WHAT THE TASK ASKS
From the data underneath, reproduce exactly the stretch that begins at the line with "Technische tekening van" and ends after the line with "Sooez Budget Binder".
==========
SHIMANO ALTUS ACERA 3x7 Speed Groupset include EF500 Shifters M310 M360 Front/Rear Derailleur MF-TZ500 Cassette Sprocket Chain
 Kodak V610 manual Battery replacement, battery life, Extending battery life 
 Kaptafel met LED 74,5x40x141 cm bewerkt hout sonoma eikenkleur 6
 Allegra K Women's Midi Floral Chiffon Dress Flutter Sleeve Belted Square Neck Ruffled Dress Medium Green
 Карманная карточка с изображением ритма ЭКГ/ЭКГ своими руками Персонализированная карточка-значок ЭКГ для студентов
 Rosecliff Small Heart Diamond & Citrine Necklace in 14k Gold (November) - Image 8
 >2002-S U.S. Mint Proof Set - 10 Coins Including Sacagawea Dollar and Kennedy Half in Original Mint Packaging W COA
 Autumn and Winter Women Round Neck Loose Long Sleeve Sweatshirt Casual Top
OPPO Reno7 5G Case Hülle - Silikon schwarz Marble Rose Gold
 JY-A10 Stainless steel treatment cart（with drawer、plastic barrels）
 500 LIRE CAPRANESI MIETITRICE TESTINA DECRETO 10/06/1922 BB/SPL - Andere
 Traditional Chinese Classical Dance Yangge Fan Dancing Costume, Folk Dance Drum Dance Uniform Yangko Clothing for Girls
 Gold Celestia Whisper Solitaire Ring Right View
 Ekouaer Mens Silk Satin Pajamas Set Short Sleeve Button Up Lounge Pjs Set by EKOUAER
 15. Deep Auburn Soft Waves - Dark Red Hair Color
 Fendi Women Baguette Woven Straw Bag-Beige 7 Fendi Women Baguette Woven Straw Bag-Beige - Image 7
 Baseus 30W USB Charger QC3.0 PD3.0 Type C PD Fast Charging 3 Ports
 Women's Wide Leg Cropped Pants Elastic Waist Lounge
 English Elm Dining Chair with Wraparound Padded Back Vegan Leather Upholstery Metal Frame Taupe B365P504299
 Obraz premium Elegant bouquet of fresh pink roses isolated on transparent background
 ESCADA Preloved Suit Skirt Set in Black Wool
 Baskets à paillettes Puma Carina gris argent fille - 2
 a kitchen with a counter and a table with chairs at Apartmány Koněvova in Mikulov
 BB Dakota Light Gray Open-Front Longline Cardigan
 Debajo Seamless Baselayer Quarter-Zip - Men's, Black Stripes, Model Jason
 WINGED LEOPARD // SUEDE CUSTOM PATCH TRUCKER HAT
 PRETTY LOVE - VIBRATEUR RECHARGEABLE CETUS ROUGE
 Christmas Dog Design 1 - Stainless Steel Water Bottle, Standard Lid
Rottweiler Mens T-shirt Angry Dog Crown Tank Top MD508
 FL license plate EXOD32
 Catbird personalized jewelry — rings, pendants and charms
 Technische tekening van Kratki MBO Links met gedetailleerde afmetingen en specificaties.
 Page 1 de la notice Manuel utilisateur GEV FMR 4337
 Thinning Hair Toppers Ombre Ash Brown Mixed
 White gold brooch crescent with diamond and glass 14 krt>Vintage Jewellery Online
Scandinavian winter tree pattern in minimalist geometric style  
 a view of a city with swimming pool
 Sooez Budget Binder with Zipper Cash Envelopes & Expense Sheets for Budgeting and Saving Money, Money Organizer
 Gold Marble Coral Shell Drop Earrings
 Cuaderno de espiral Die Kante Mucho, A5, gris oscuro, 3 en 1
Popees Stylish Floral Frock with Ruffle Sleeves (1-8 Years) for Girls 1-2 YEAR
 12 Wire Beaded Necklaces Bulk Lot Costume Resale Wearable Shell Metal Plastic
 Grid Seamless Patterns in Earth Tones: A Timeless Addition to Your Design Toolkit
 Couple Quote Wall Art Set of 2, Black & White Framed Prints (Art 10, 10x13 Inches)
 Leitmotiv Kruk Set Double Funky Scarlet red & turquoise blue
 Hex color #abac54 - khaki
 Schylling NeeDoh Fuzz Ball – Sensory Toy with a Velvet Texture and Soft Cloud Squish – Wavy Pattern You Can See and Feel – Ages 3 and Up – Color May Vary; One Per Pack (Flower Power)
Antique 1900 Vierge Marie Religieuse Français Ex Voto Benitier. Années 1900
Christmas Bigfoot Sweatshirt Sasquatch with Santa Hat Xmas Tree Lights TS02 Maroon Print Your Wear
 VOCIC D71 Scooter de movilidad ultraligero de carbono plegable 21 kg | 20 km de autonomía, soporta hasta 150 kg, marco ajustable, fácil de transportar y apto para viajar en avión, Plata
==========
EXERCISE RESPONSE
 Technische tekening van Kratki MBO Links met gedetailleerde afmetingen en specificaties.
 Page 1 de la notice Manuel utilisateur GEV FMR 4337
 Thinning Hair Toppers Ombre Ash Brown Mixed
 White gold brooch crescent with diamond and glass 14 krt>Vintage Jewellery Online
Scandinavian winter tree pattern in minimalist geometric style  
 a view of a city with swimming pool
 Sooez Budget Binder with Zipper Cash Envelopes & Expense Sheets for Budgeting and Saving Money, Money Organizer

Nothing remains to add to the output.